Hay veces que es mejor aferrarse a cosas sencillas. Aunque en su interior sean más complejas de lo que aparentan. Una semilla. Una simple, y al mismo tiempo compleja, semilla.

Cuando el mundo se convierte en un caos a mi alrededor, ese lugar en el que no puedo controlar las cosas, necesito algo fijo e inmóvil a lo que agarrarme. No se por qué me fijé aquel día en la semilla de la mandarina que me estaba comiendo. Quizá fue algo que dijo Samuel. Siempre cala cualquier cosa que diga.

El caso es que le eché un ojo a un tutorial en Internet. Mi curiosidad siempre me hace querer llegar al origen de todo. Vi que en principio no parecía muy complicado hacer germinar las semillas. Mayormente era cuestión de paciencia. Y de eso tengo mucho. Así que me puse manos a la obra. De tres semillas que cogí germinaron dos. Casi no me lo podía creer. Yo que soy de esos que hasta se le mueren las plantas de plástico.

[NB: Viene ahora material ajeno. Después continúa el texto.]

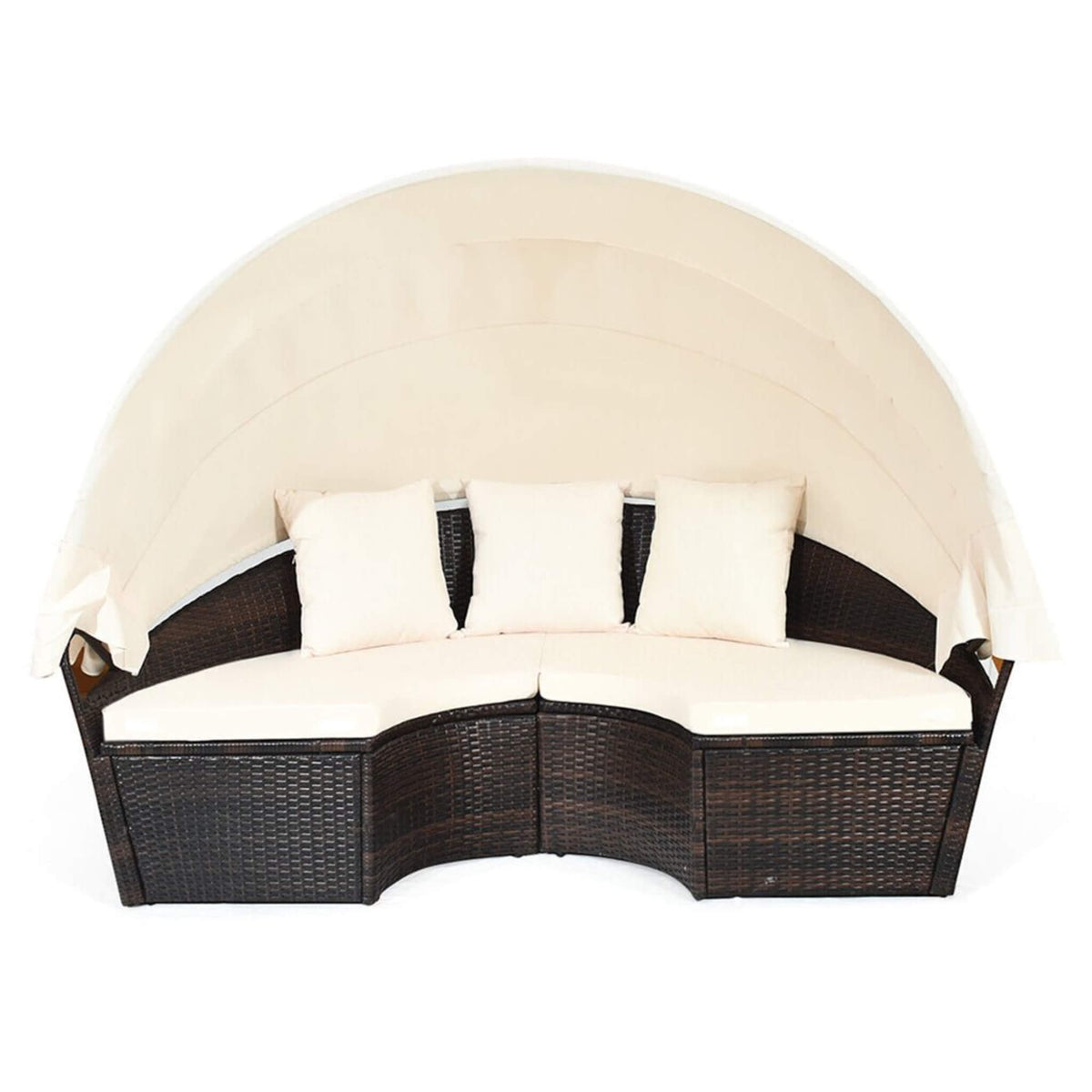 Large Outdoor Patio Rattan Daybed Sofa W/ Adjustable Table Top, Canopy & 3 Pillows, 76" – photo 5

Trasplanté los pequeños brotes en el momento que indicaban en la web y parece que han agarrado bien en sus pequeñas macetitas. Ahora me siento responsable de sus vidas. ¿No son tan importantes como la de cualquier otro ser vivo? Claro, no tienen ojos ni nos ponen caritas como lo haría un perro o un gato. A las plantas no las podemos acariciar ni achuchar. Pero quiero creer que se alegran al verme y que sonríen cuando los riego.

Estoy divagando. Suena a locura. Será la medicación. No obstante son seres vivos que se abren paso y no dejan de sorprenderme con cada milímetro que crecen o cada vez que echan una hoja. Se merecen su hueco en este mundo. Una semilla. Una simple semilla. Una planta. Un árbol.

Hay veces que es mejor aferrarse a cosas sencillas.